Best ways to see the 2015 Perseid meteor shower in San Diego
This year’s Perseid meteor shower has been visible since July, but with activity peaking August 12 – 13, you still have a great chance to see one of nature’s biggest light shows.
And good news for Southern California stargazers – there is a new moon on Aug 14, meaning that the sky will be exceptionally dark. The trick is to get away from man made light sources. For San Diegans, we recommend heading to East County or the mountains, or at the very least, turn off the lights at your house and go lie in the grass (if you have any left).
Once you’re outside, make sure to give your eyes a chance to adjust. About 20 minutes will do. While that happens, stay away from cell phones and flash lights. Remember, it’s your chance to be one with nature. Enjoy it sans-cell phone.
Why is the Perseid meteor shower so special? It is one of the largest and most-easily seen in our area. During the peak of the meteor shower, those staring into the sky can expect to see 60 – 100 meteors per hour. Bill Cooke of NASA’s Meteoroid Environment Office has said, “we have found that one meteor shower produces more fireballs than any other. It’s the Perseid meteor shower…”
The Perseids are a meteor shower associated with the comet Swift–Tuttle. The Perseids are so called because the point from which they appear to come lies in the constellation Perseus (source: Wikipedia). The meteor shower is visible from mid-July each year, with the peak in activity mid August.

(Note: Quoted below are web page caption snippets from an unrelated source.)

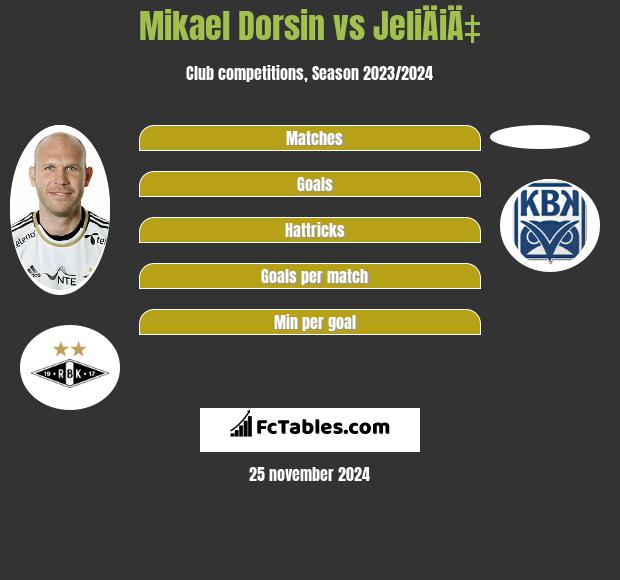 Mikael Dorsin vs JeliÄiÄ‡ h2h player stats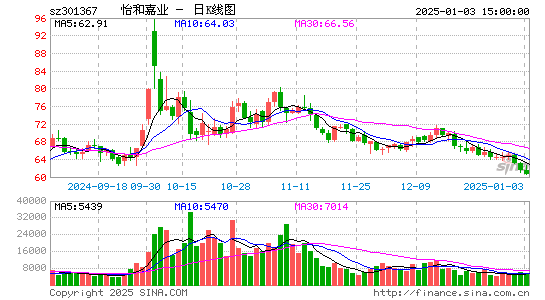 怡和嘉业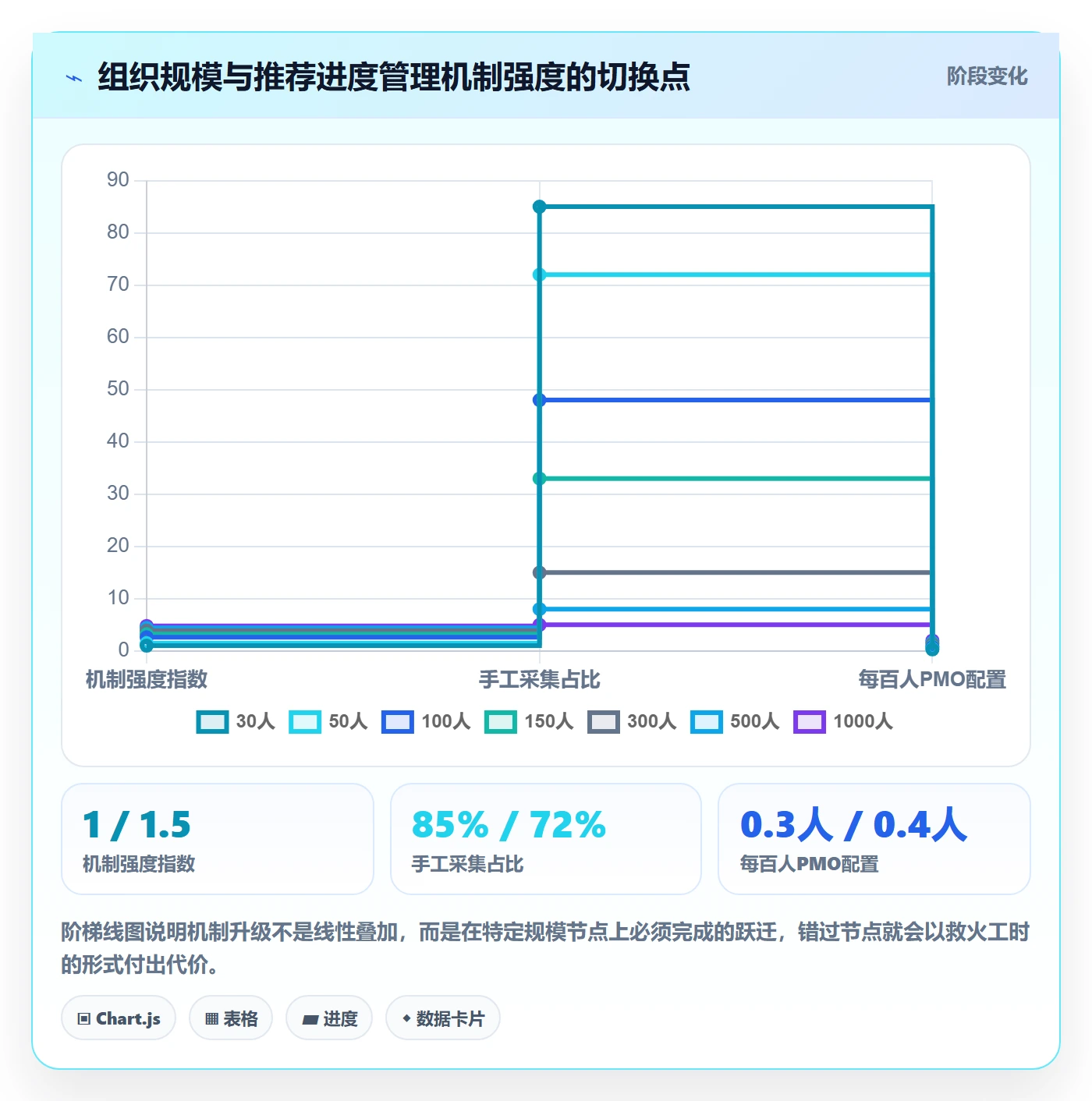 任务进度实操方法:PMO提升进度管理效率的实操方法方法与模板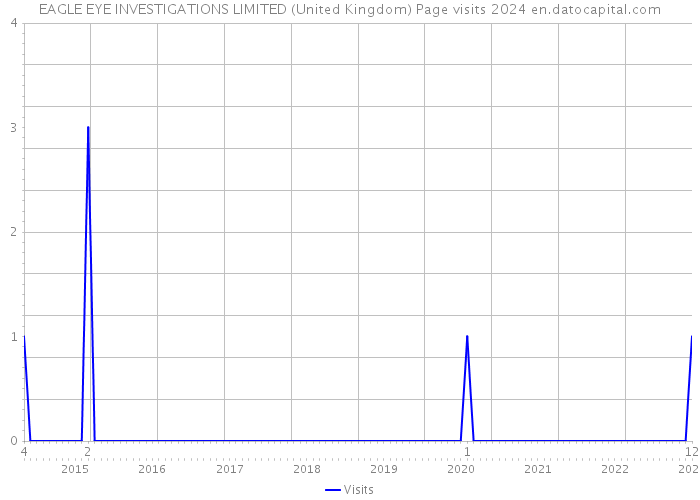 EAGLE EYE INVESTIGATIONS LIMITED (United Kingdom) Page visits 2024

Every year, Earth passes through a cloud of comet dust that was lost as it approaches the sun. NASA reports that Perseid meteoroids hit the Earth’s atmosphere at 132,000 mph. We get to enjoy such a beautiful light show each year because Swift-Tuttle has a larger nucleus than most comets (about 16 miles in diameter). The comet Swift-Tuttle was discovered in 1862 by Lewis Swift and Horace Tuttle but, according to meteorshowersonline.com, numerous references appear in Chinese, Japanese and Korean records throughout the 8th, 9th, 10th and 11th centuries.